We take exception to the description of Vonnegut as “one of the greatest living US writers,” but report his words nonetheless. From The Australian, :
ONE of the greatest living US writers has praised terrorists as “very brave people” and used drug culture slang to describe the “amazing high” suicide bombers must feel before blowing themselves up.
Kurt Vonnegut, author of the 1969 anti-war classic Slaughterhouse Five, made the provocative remarks during an interview in New York for his new book, Man Without a Country, a collection of writings critical of US President George W. Bush.
Vonnegut, 83, has been a strong opponent of Mr Bush and the US-led war in Iraq, but until now has stopped short of defending terrorism.
But in discussing his views with The Weekend Australian, Vonnegut said it was “sweet and honourable” to die for what you believe in, and rejected the idea that terrorists were motivated by twisted religious beliefs.
“They are dying for their own self-respect,” he said. “It’s a terrible thing to deprive someone of their self-respect.
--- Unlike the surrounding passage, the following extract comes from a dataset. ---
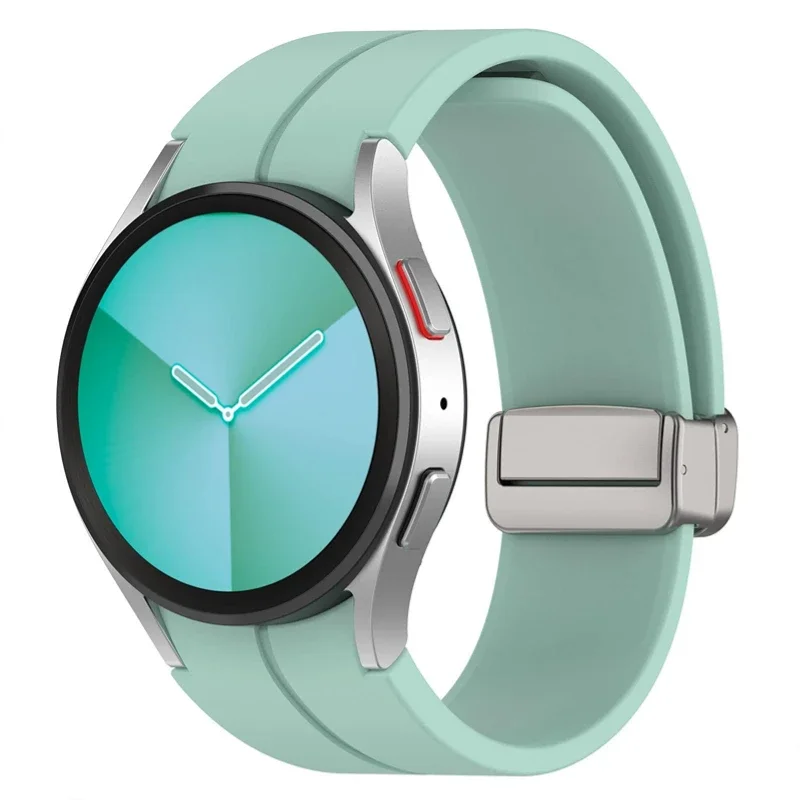 Versatile 20mm Silicone Watch Strap in Classic Design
It’s like your culture is nothing, your race is nothing, you’re nothing.”
Asked if he thought of terrorists as soldiers, Vonnegut, a decorated World War II veteran, said: “I regard them as very brave people, yes.”
He equated the actions of suicide bombers with US president Harry Truman’s 1945 decision to drop the atomic bomb on Hiroshima.
On the Iraq war, he said: “What George Bush and his gang did not realise was that people fight back.”
Vonnegut suggested suicide bombers must feel an “amazing high”. He said: “You would know death is going to be painless, so the anticipation – it must be an amazing high.”
Vonnegut’s comments are sharply at odds with his reputation as a peace activist and his distinguished war service. He served in the US 106th Division and was captured by German forces at the Battle of the Bulge.
…Vonnegut’s latest comments are likely to make many people wonder if old age has finally caught up with a grand old man of American letters.